▶ Record set:
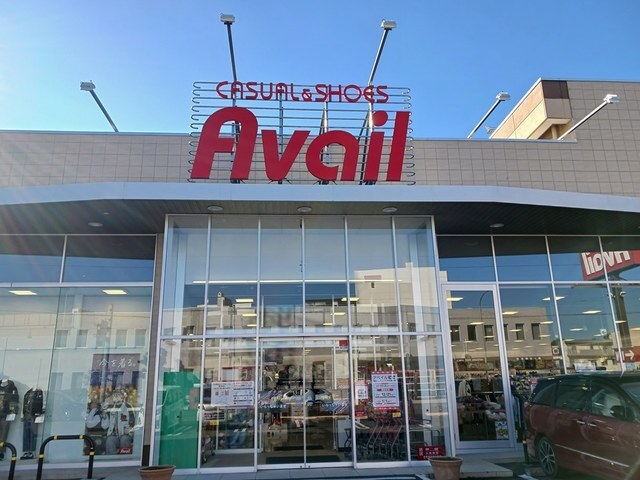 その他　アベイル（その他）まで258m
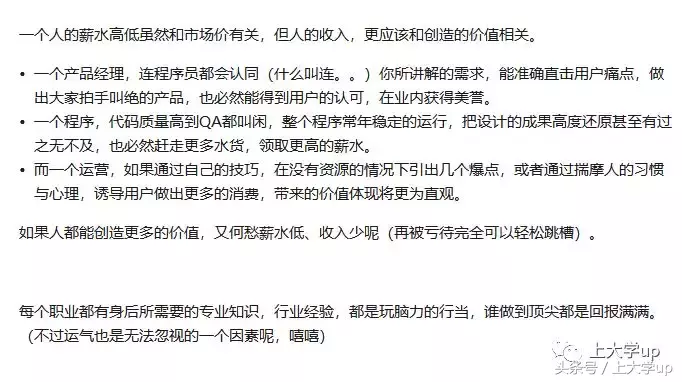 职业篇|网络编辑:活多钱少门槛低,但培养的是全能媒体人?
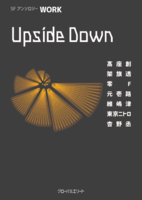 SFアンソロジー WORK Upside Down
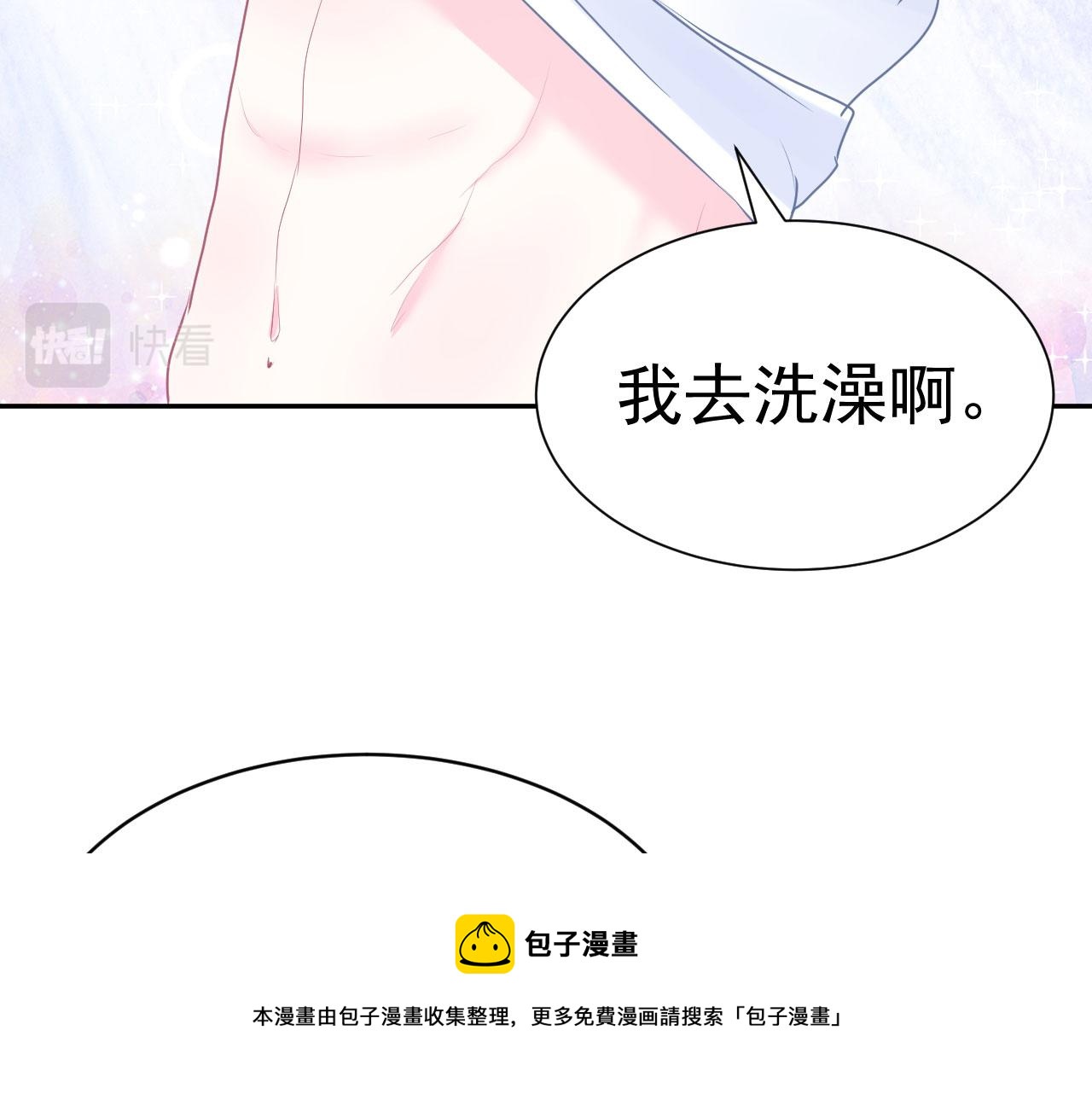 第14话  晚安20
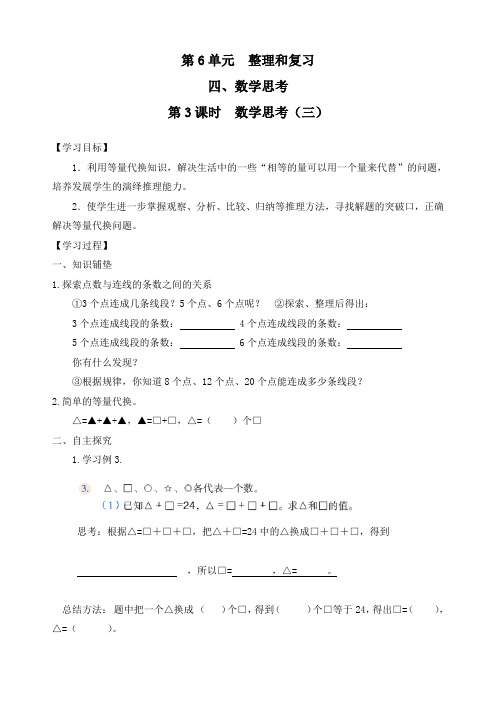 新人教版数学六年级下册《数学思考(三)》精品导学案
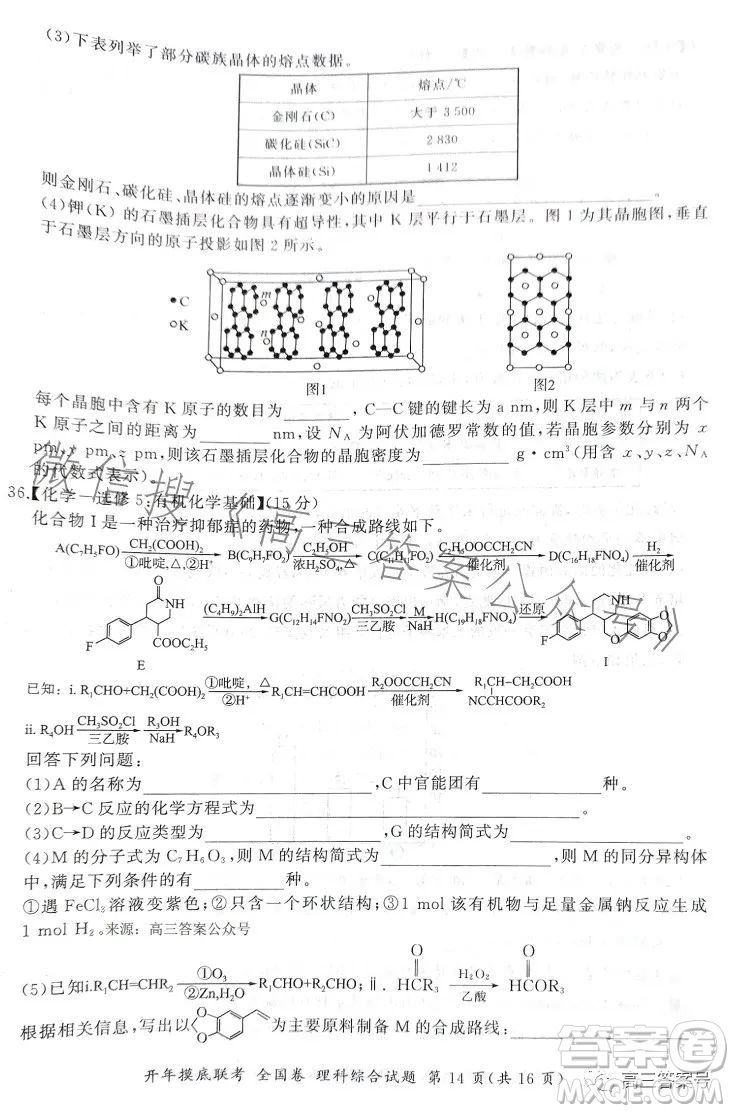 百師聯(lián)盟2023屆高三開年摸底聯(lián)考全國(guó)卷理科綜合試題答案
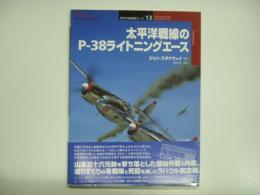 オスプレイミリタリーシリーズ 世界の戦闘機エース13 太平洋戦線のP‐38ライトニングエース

...

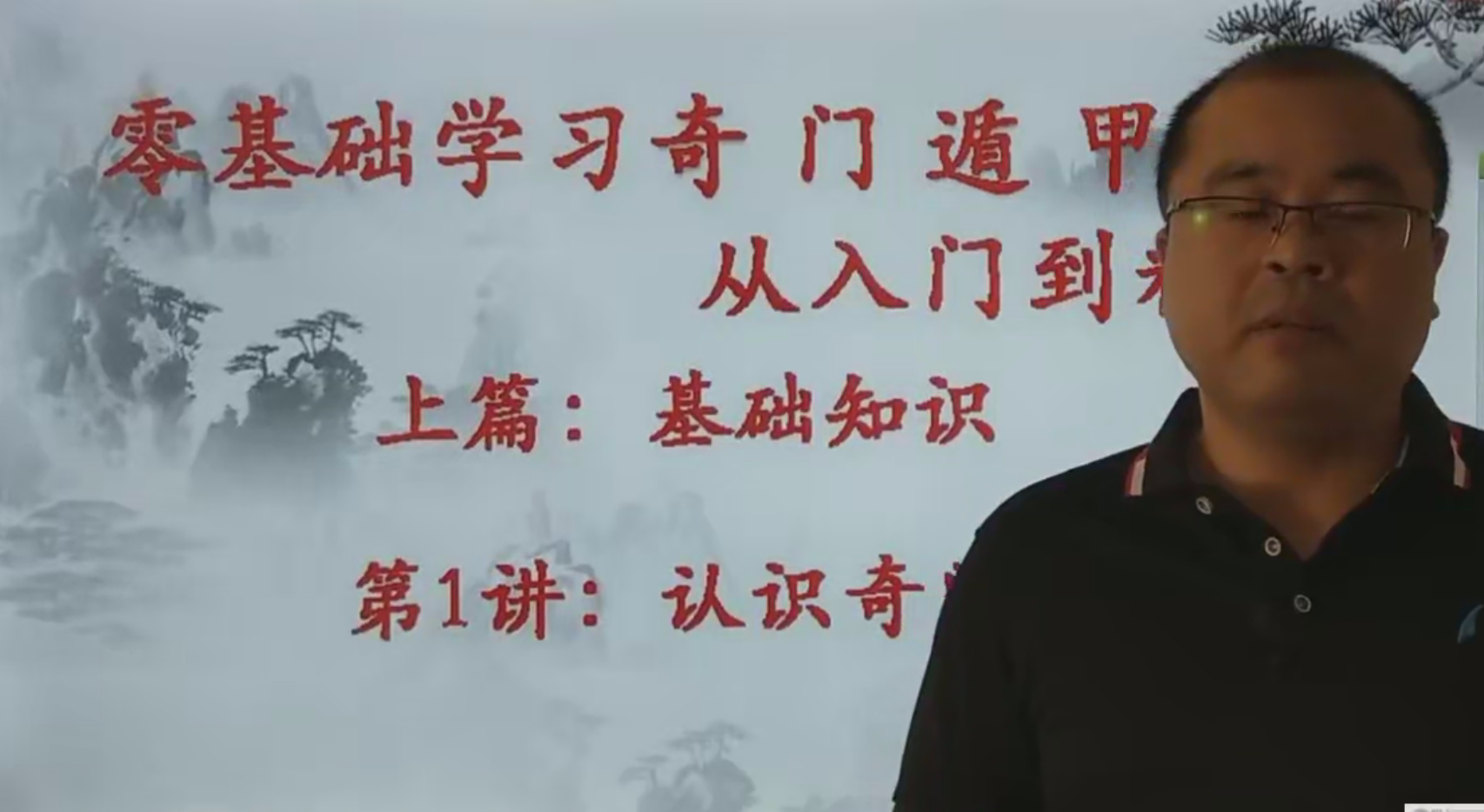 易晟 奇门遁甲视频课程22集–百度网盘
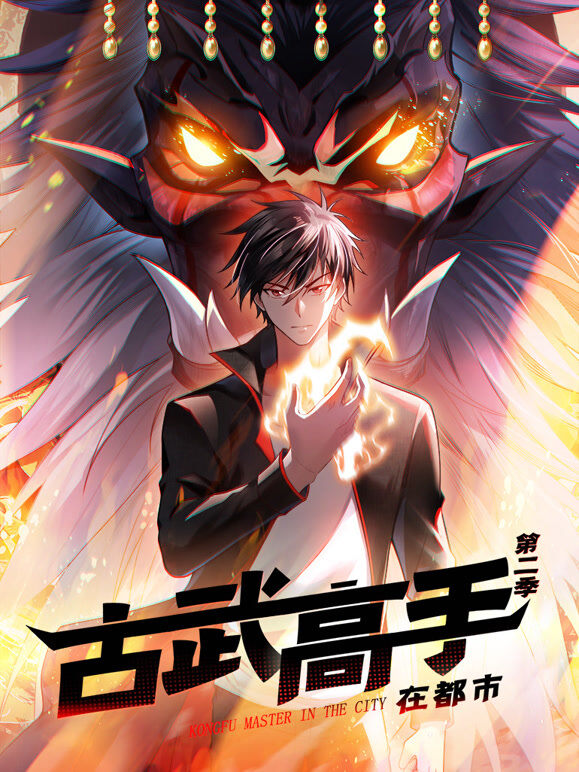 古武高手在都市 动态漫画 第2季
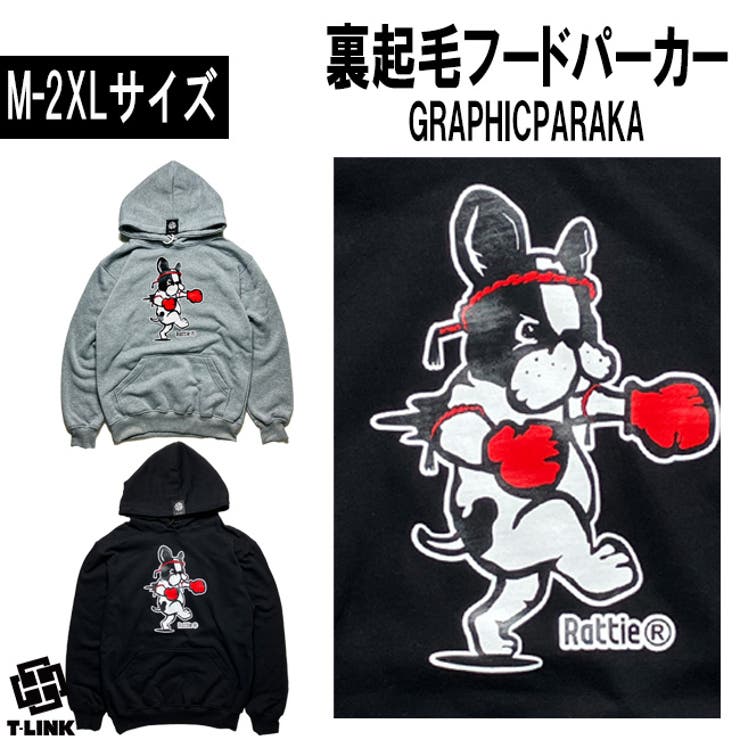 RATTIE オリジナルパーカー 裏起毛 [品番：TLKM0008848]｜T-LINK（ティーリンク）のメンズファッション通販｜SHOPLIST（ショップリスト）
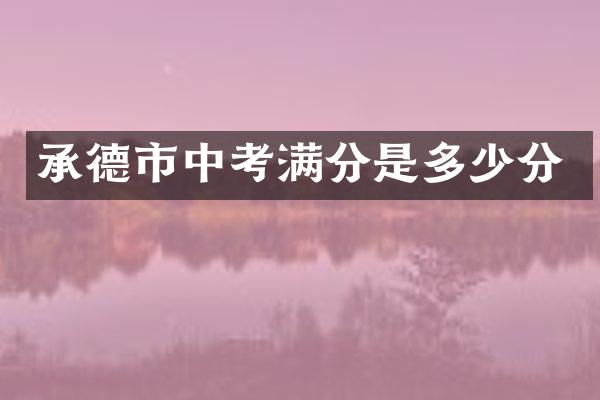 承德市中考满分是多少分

▶ What you need to do:
Only the lines starting at the one with "その他　アベイル（その他）まで258m" and ending at the one with "オスプレイミリタリーシリーズ 世界の戦闘機エース13 太平洋戦線のP‐38ライトニングエース" should be printed, each exactly as it appears in the material above; the pictures are to be omitted.

▶ Answer space:
 その他　アベイル（その他）まで258m
 职业篇|网络编辑:活多钱少门槛低,但培养的是全能媒体人?
 SFアンソロジー WORK Upside Down
 第14话  晚安20
 新人教版数学六年级下册《数学思考(三)》精品导学案
 百師聯(lián)盟2023屆高三開年摸底聯(lián)考全國(guó)卷理科綜合試題答案
 オスプレイミリタリーシリーズ 世界の戦闘機エース13 太平洋戦線のP‐38ライトニングエース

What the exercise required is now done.